● REQUIREMENT
Print the listing exactly as it stands, and skip any pictures in it.

● SUPPLIED INFORMATION
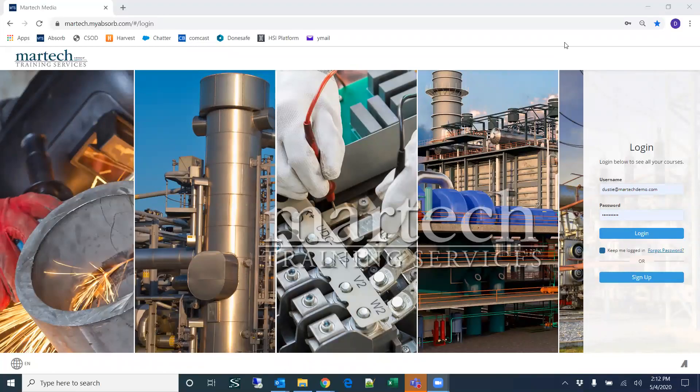This is the login page for the learning management system. All learners will log in through this page using their email address and whatever password has been sent to them. During the initial setup process, an email is sent out to users, and if they click on that email, they'll be taken to a registration page where they should reset their password. Once that's reset, they will be able to log in through this page.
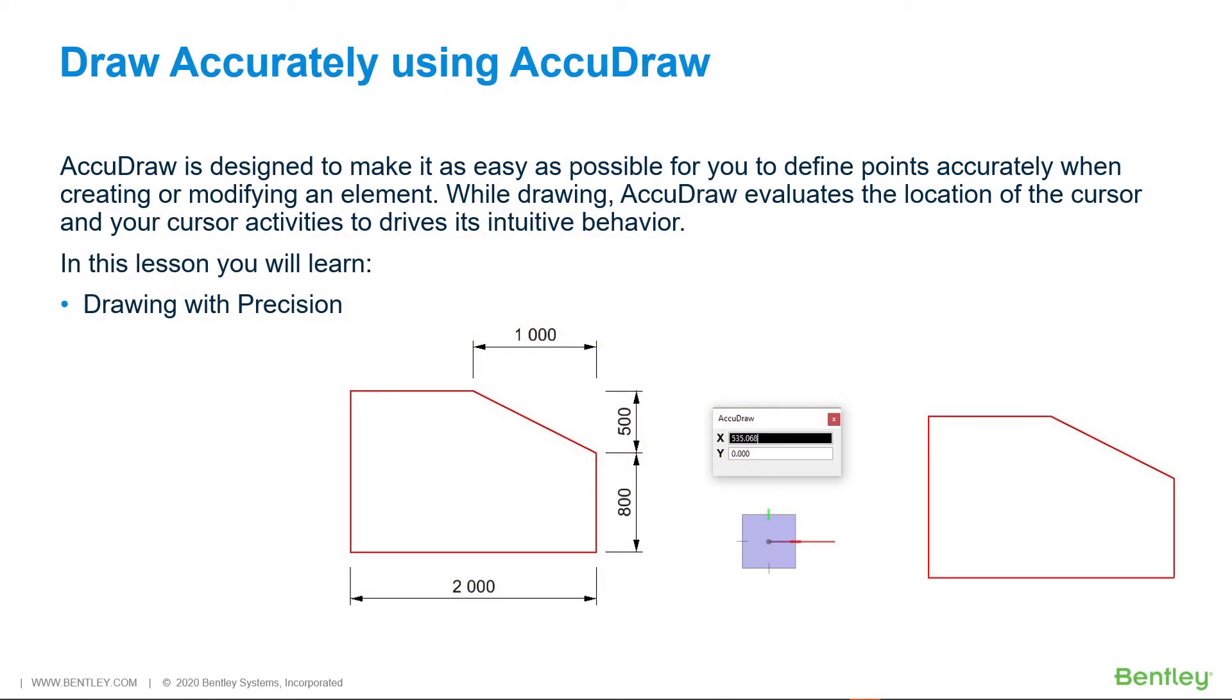AccuDraw is designed to make it as easy as possible for you to define points accurately when creating or modifying an element. While drawing, AccuDraw evaluates the position of the cursor and your cursor activities to drive its intuitive behavior. In this lesson, you will learn drawing with precision.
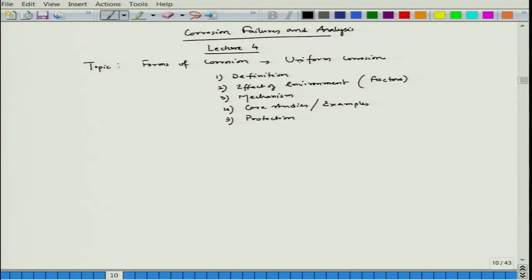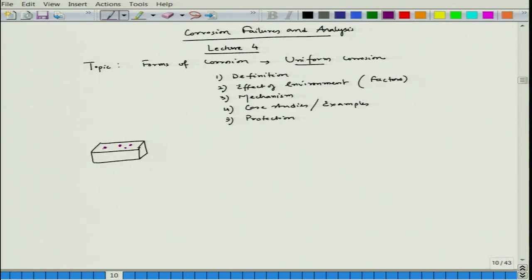If you see the name itself — 'uniform' — for example, if you have an object like this, the corrosion can happen like this. There could be a possibility of a small corrosion point forming, and it can stay on the surface or it can progress through the body. So in the rest of the parts you do not see much change — that means it is basically localized.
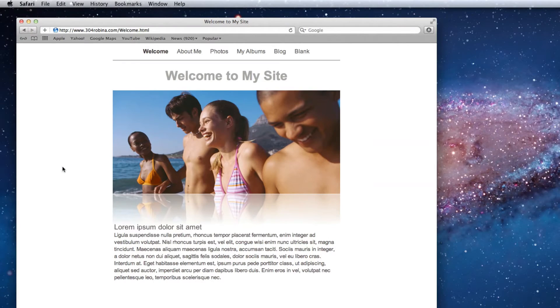When you open your site in a web browser, there is a chance you won't be able to see your favicon right away. This does not mean that your favicon is not there and that other people who visit your site won't be able to see it.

● FINISHED EXERCISE
This is the login page for the learning management system. All learners will log in through this page using their email address and whatever password has been sent to them. During the initial setup process, an email is sent out to users, and if they click on that email, they'll be taken to a registration page where they should reset their password. Once that's reset, they will be able to log in through this page.
AccuDraw is designed to make it as easy as possible for you to define points accurately when creating or modifying an element. While drawing, AccuDraw evaluates the position of the cursor and your cursor activities to drive its intuitive behavior. In this lesson, you will learn drawing with precision.
If you see the name itself — 'uniform' — for example, if you have an object like this, the corrosion can happen like this. There could be a possibility of a small corrosion point forming, and it can stay on the surface or it can progress through the body. So in the rest of the parts you do not see much change — that means it is basically localized.
When you open your site in a web browser, there is a chance you won't be able to see your favicon right away. This does not mean that your favicon is not there and that other people who visit your site won't be able to see it.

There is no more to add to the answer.